# [Problem to solve]
Below are records with pictures. Transcribe exactly, and only, the lines from the line with "Irregular Hem Single" to the line with "Casquette De Baseball", both ends included, but not the pictures.

# [Exercise input]
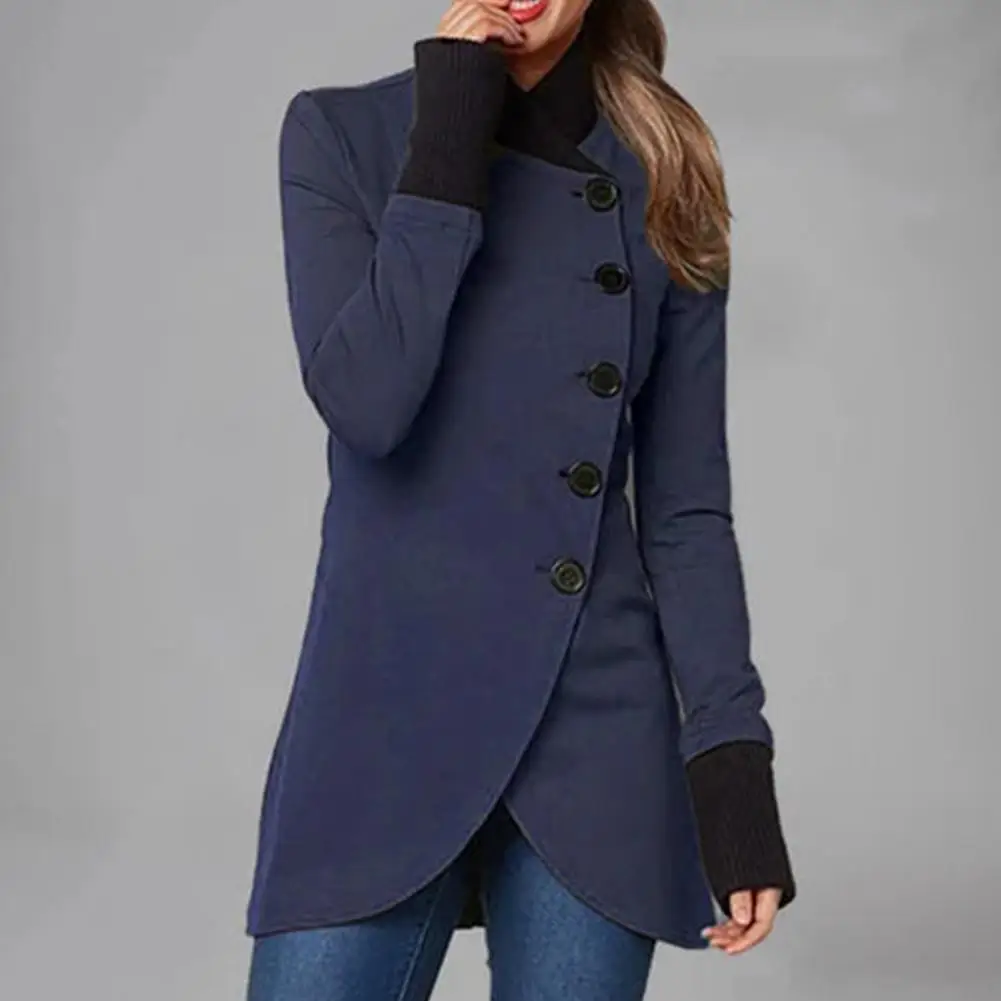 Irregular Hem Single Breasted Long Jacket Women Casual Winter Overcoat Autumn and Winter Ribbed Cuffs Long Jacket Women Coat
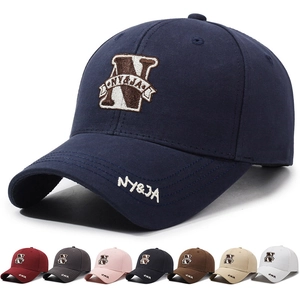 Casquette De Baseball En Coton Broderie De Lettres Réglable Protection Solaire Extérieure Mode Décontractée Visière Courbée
---
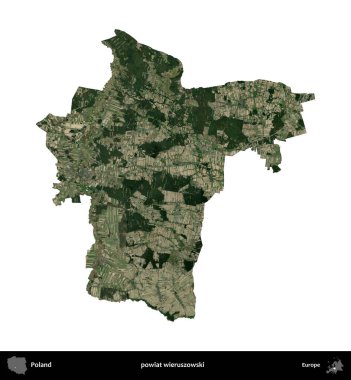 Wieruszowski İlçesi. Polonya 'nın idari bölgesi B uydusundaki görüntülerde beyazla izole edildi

# [Response to the exercise]
 Irregular Hem Single Breasted Long Jacket Women Casual Winter Overcoat Autumn and Winter Ribbed Cuffs Long Jacket Women Coat
 Casquette De Baseball En Coton Broderie De Lettres Réglable Protection Solaire Extérieure Mode Décontractée Visière Courbée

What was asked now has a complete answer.